The problem with JNI is not java strict definitions of types, but rather C very sloppy definition of everything. Marshling types between langs is never as easy as it looks.

However i though that direct byte buffers fix a lot of this? I don’t see and performance issues with calls in my opengl, i am always fill/vertex limited long before call overhead is an issue.

Going around in circles here - I think I mentioned JNA on page 2! :wink:

@princec - this kind of syntax is pretty much what JNA gives you, along with the ability not to have to cross-compile stubs for different platforms. It’s a better JNI on the user side by far, but it’s still a wrapper to JNI so doesn’t get over the issues of how heavyweight that may or may not be.

@Roquen - meant to ask this back on page 2 when you or someone else mentioned it - any links to discussions on JNI replacements for Java core? Faster JNI then everyone wins, including all those nice syntax wrappers like JNA.

@Oskuro - got an example of what you were trying to do? There shouldn’t be much if anything that JNI gives you that JNA can’t.

+1 I doubt that any Java -> native boundary cross is going to have zero overhead, so I would suggest that 99% of the time if JNI is the bottleneck you’re crossing the boundary too much. :persecutioncomplex:

No I have no real information. It’s just be talked about in a hand-waving manner in some of the recent “future directions” presentations…you know all PR no content kind-of-thing.

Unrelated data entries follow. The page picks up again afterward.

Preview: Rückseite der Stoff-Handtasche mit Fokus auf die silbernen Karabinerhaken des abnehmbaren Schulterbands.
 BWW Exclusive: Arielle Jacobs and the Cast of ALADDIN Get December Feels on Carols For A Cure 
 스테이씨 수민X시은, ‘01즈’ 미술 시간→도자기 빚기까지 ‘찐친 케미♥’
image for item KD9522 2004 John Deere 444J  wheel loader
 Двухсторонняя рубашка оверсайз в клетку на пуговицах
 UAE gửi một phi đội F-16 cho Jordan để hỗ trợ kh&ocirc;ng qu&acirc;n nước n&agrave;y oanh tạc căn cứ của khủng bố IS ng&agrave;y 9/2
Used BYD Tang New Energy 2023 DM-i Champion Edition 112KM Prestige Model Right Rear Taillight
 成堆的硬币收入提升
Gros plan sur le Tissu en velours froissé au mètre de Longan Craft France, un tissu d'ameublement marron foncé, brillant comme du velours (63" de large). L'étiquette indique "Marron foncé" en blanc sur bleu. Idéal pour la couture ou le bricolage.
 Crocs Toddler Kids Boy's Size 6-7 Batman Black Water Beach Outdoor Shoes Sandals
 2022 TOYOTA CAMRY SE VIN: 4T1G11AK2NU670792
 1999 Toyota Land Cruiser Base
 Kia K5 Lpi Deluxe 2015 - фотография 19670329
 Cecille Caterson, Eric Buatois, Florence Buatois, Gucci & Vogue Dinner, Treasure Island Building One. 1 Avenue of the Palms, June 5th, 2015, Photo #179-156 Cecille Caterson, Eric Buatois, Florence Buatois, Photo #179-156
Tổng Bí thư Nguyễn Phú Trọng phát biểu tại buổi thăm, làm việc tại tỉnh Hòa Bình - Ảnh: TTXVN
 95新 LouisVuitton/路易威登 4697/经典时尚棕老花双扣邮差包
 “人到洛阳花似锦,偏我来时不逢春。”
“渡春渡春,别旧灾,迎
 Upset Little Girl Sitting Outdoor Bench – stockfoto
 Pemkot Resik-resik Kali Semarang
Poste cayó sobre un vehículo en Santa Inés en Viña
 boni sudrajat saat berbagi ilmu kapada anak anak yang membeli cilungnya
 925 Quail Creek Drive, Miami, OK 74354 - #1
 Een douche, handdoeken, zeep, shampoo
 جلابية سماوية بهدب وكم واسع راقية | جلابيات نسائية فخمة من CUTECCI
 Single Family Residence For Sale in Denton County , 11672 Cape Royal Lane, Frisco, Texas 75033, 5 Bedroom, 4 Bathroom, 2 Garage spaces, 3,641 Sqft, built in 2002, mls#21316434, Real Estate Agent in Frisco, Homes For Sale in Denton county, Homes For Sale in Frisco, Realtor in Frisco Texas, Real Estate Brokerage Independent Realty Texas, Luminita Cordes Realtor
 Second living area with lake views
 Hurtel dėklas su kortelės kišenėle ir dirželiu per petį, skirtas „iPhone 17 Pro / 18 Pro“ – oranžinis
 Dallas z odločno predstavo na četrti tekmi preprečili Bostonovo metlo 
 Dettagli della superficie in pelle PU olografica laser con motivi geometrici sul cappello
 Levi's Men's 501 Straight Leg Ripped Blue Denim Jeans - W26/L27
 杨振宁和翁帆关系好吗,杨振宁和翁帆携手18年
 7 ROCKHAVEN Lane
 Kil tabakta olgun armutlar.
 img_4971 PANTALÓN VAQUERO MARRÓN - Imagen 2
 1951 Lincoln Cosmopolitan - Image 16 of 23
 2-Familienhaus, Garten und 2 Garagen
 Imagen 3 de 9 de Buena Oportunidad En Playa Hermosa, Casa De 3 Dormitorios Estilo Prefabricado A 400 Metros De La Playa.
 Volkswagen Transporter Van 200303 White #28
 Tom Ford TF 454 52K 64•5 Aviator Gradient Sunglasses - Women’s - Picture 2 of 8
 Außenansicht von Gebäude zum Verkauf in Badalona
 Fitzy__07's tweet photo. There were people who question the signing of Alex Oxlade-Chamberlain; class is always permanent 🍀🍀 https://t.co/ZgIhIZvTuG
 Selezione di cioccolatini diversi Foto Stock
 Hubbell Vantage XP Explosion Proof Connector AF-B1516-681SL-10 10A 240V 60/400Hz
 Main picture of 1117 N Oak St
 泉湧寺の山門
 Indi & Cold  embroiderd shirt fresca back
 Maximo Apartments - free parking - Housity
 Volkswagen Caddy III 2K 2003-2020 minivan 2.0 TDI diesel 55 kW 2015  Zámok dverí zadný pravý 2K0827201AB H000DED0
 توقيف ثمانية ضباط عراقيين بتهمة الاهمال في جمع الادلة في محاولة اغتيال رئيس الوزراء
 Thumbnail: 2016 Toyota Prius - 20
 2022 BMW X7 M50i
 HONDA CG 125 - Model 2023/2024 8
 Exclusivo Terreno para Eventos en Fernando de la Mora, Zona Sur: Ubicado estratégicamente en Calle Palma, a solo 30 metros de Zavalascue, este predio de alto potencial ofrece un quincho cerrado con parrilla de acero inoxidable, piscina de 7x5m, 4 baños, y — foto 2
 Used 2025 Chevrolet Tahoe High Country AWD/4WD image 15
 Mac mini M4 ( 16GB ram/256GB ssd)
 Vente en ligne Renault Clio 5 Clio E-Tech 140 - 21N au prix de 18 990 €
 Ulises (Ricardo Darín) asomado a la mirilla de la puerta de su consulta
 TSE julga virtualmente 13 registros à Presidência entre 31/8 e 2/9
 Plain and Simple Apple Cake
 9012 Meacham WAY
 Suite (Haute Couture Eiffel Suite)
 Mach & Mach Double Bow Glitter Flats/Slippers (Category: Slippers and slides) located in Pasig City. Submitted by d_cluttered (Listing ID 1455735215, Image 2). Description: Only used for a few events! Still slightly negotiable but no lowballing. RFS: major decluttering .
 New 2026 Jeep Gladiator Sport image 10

I timed it once, years ago on a Celeron 300 I think - the overhead of a basic Java->JNI call jump is in the order of hundreds of nanoseconds. This means you have to do an awful lot of them before you actually notice the overhead.

Cas :slight_smile:

(To be honest I haven’t timed the boundary since probably JDK5…so I might be full of poop.)

JNA is not a wrapper around JNI. It’s a wrapper around libffi, or at least its moral equivalent. It might use JNI to interface to that, but after that, JNI is not involved. Since it’s always using dynamic libraries with dlopen/LoadLibrary, it’s always going to be a bit slower than JNI.

The overhead of JNI isn’t so much the call overhead as the defensive copying or locking it has to do.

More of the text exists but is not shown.